There’s just the right amount of food and wine for us to carry on pottering around York without pounding heads or feeling like we need to put another notch on our belts. 
Whether you’re a wine expert or just someone seeking a palate-tickling diversion for an hour or so, this is a real spirit-lifter. 
In a word? Outstanding. 

Theatre review – Club Tropicana

Club Tropicana
Grand Opera House, York
By Roger Crow/@RogerCrow
Some jukebox musicals have a clear sense of identity. They’re usually the ones based on films like Footloose or inspired by a band’s back catalogue. 
Then there are others which are constructed from a string of eighties classics, like the movie Walking on Sunshine, or Club Tropicana. 
The latter stars X Factor winner Joe McElderry, a likeable bloke whose time on the show many years ago brightened many a weekend before he won the contest and dropped off my radar. 
Kate Robbins on the other hand has been one of Blighty’s most reliable triple threats for years. A brilliant actor, singer and comedian, although these days she’s perhaps better known as Emily Atack’s mum. 
The fun takes place at the eponymous Spanish hotel, where the drinks are free (well, some of them) and as luck would have it, is the setting for a bride and groom who got cold feet on their big day. Wouldn’t you know it? They have checked into the same hostelry with their friends by sheer coincidence. 
Meanwhile, a hotel inspector is looking to close the resort unless they’re impressed by what they see. 
At this point I think this is remarkably similar to Benidorm: The Musical, but there’s enough of a twist to ease that nagging sense of deja vu. 
The book by Michael Gyngell is a lot of fun, and while many of the gags are far from subtle, on a bleak Monday night, it’s hard not to get carried along with the wave of goodwill. 

Directors Samuel Holmes and Nick Winston do a fine job of ensuring there’s rarely a dull moment, while Nick Winston’s choreography is also a feast for the eyes.

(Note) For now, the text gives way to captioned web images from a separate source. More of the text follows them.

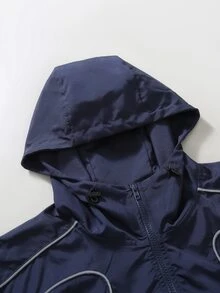 PAVTROS 男士秋季連帽夾克，反光滾邊飾邊徽章裝飾，Y2K街頭風聖誕萬聖節禮物，度假運動風 - 寶藍色 - 查看 3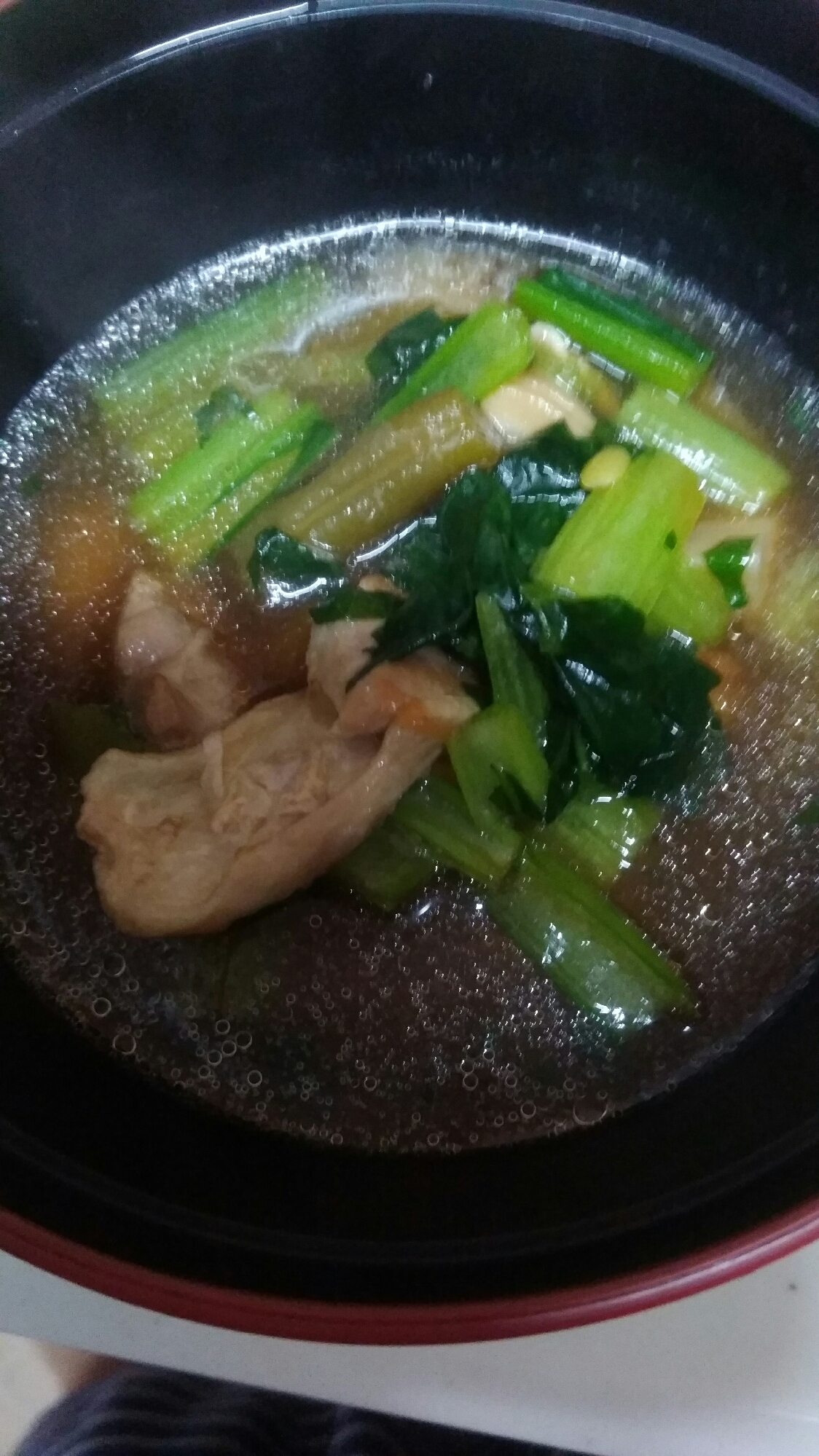 小松菜鶏のソバ付け汁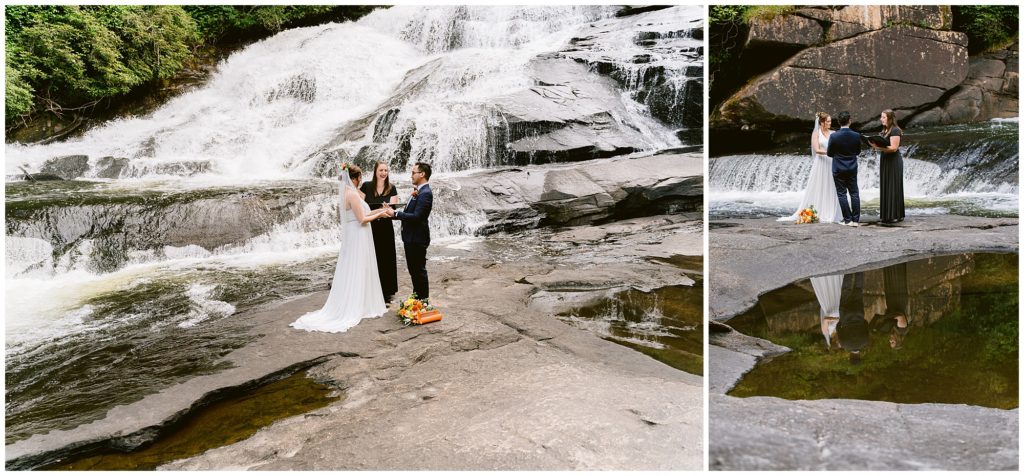 Outdoor elopement ideas at a waterfall.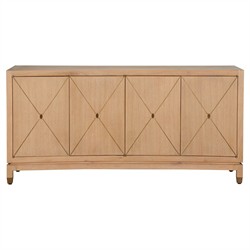 Rissa Mid Century Modern Brown Acacia Wood Media Console Wide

As is the set and costume design by Diego Pitarch. 
But while your average punter won’t give a hoot about who did what behind the scenes, the front-of-house talent is a joy. 

Neil McDermott, Emily Tierney and former Sugababe star Amelle Berrabah all do a terrific job of lifting the spirits, and while the performances are far more solid than the shaky sets, whether intentional or not, even the erratic lift doors add to the comedy. 
Of course the nostalgic tunes help glue the scenes together, and they’re not always the obvious choices. Kate Robbins’ Spanish cleaner (occasionally channelling Hattie Jacques in Carry On Abroad) and Jill-of-all-trades singing the Minder theme is a curve ball that works surprisingly well. Perhaps far better than ABC’s The Look of Love, which was more annoying than entertaining in the opening scenes. But going in cold to any jukebox musical is always a bit of a shock to the system, especially when it’s as full on as that track. Some of us need time to adjust to characters and sets rather than be thrown in at the deep end with a chorus of wannabe Martin Frys. 
It’s not too much of a surprise when Cyndi Lauper’s classic Girls Just Wanna Have Fun is given an airing, but the biggest laugh of the night is Joe and company’s version of Making Your Mind Up, for reasons that soon become apparent when you see the show. 
And any production with the ballad version of A-ha’s Take on Me gets my vote, especially when it works as well as this version. 
McElderry is a great singer, as we all know, but a far trickier gift is comic timing, and he’s a force to be reckoned with on stage. Like Ms Robbins, every time he appears, the show steps up a gear. Yes, I know he’s the star, but it doesn’t always follow that the biggest name on the bill is the most entertaining. Thankfully that’s definitely the case here. 
While some productions outstay their welcome, this is just the right length for the wafer-thin story. I don’t remember the eighties being as fun as this, probably because they weren’t, but it’s a joy to see a show that has no political agenda. It’s just a feelgood assault on the senses with a bunch of absurdly talented folks doing what they do best. 
The fact I’d happily see it all again when it plays Hull New Theatre in a few weeks (15 – 20 April) is testament to its success.